Ses lèvres s'étirent et laissent apparaître sa dentition parfaite. Elle se penche légèrement sur le côté et fait rouler un vélo devant elle. Je la regarde perplexe quant à son idée.
- Eloan peut nous suivre sur le vélo, si on se met au bord de l'eau, il ne peinera pas à pédaler.
Mes poings se serrent, la colère commence à monter lentement. De quoi se mêle-t-elle ? Et pourquoi elle a pris ce vélo pour mon fils ? Mais surtout, pourquoi elle ne me fout pas la paix ? On a partagé un moment l'autre soir, à boire et elle, à parler. Rien de plus.
- Evana...
- Ne dites rien, j'ai compris. Vous êtes vraiment étrange, un jour on peut vous approcher et le suivant, vous fuyiez.
- Ce n'est pas ça, soufflé-je.
Je cherche mes mots sans pour autant être cash, elle est sympa et pleine de vie, là n'est pas le problème. J'ai passé une agréable soirée en sa compagnie, pourtant je suis effrayé à l'idée de faire à nouveau confiance à quelqu'un. Seul Donovan a encore ce privilège.
- Alors quoi ? demande-t-elle doucement.
- Evana !
Eloan accourt vers la jeune femme, puis il s'arrête net en voyant le vélo. Bon sang, je ne vais plus avoir le choix que d'accepter de courir avec elle maintenant.

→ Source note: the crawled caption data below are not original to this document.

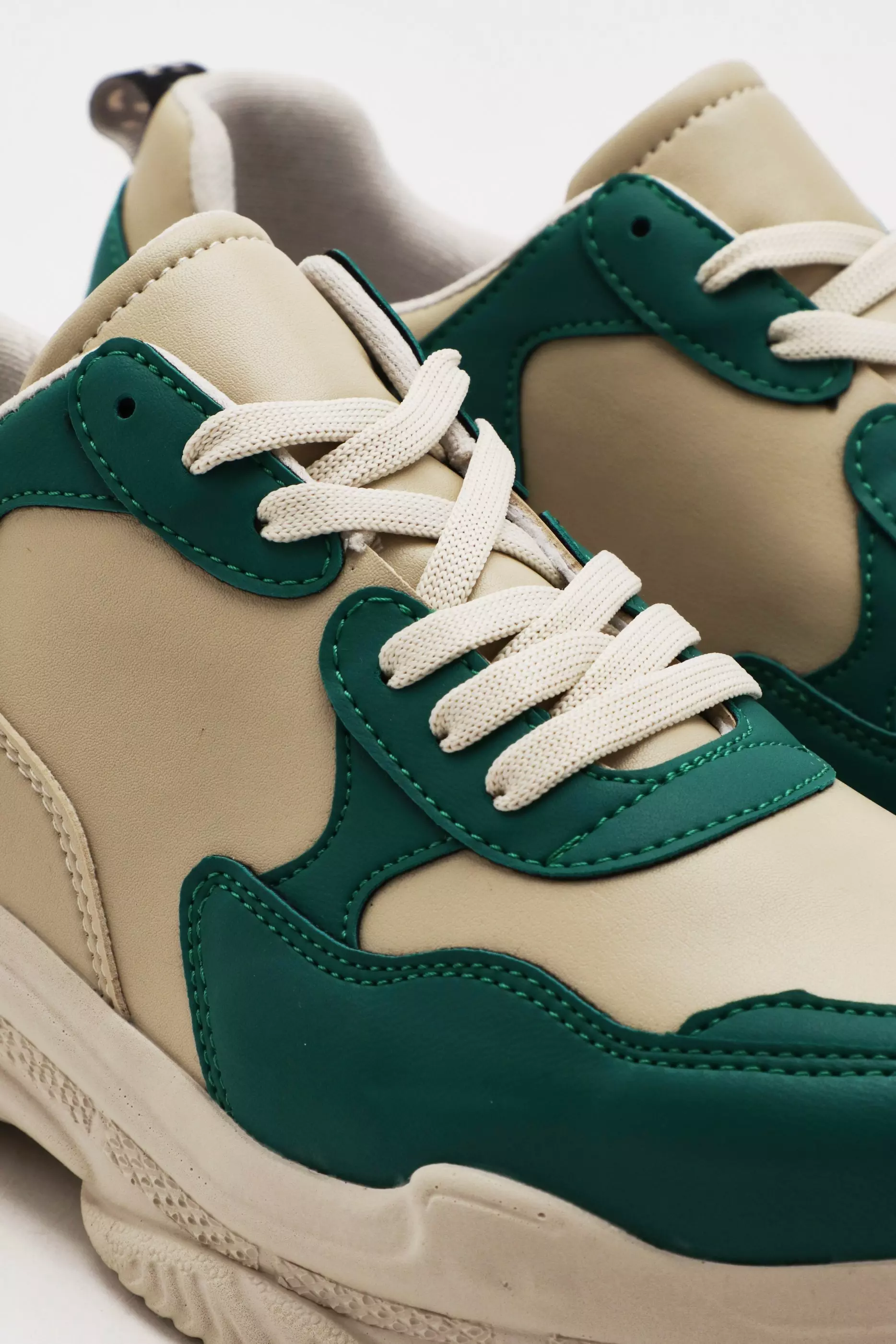 Colour block chunky trainers deals
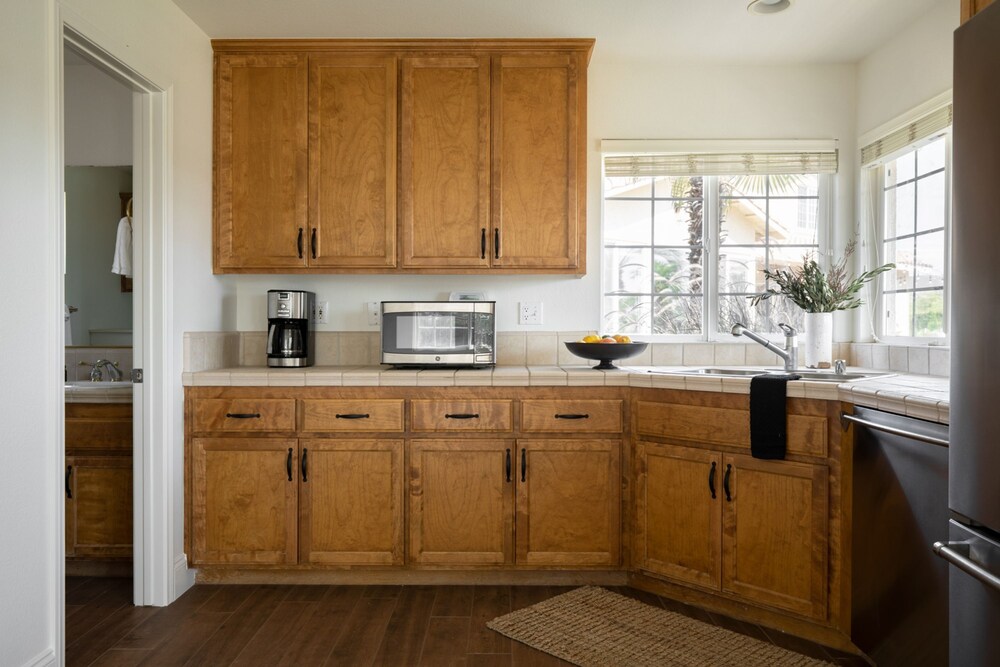 Villa Verdot by Avantstay Spectacular 6 BR Estate w Pool Hot Tub Tennis B-ball Courts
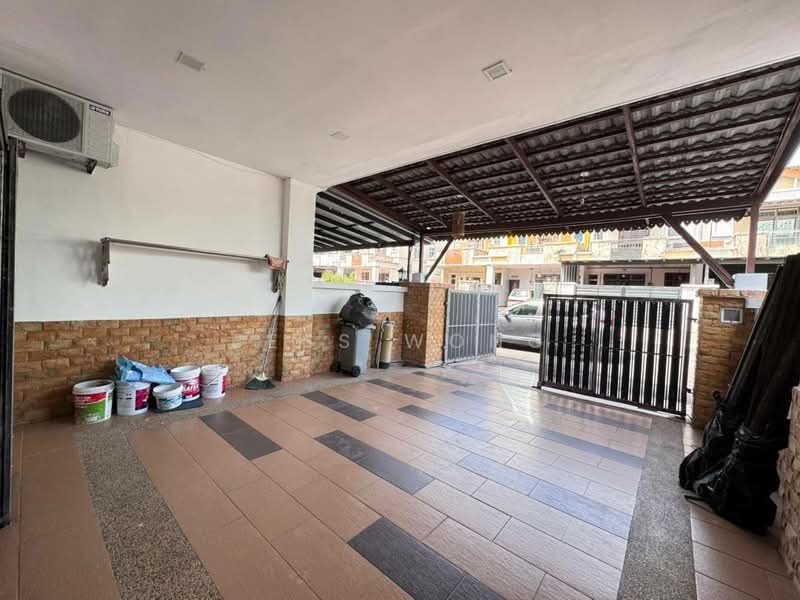 2-storey Terraced House for Sale in Johor Bahru (Johor) - Bess Wong - Exterior - PropertyGuru.com.my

- L'est beau ! sourit mon fils.
- Il est pour toi, c'était le mien quand j'étais petite.
- Merci.
Il lève les bras vers elle, Evana se baisse et il lui dépose un bisou sur la joue.
- Je vais passer une tenue plus adéquat, annoncé-je.
Evana affiche une mine rayonnante. Je cède, encore. Je monte les escaliers jusqu'à la mezzanine. Je peux entendre mon petit garçon annoncer à la jeune femme qu'il rentre à l'école demain. J'enfile un short de sport et un t-shirt sans manche, cela fait longtemps que je n'ai pas foulé le sol au pas de course. Peut-être que je pourrai m'y remettre, le matin après avoir déposé Eloan. Cela me permettra de ne penser à rien durant quelques minutes, de faire le vide... d'oublier.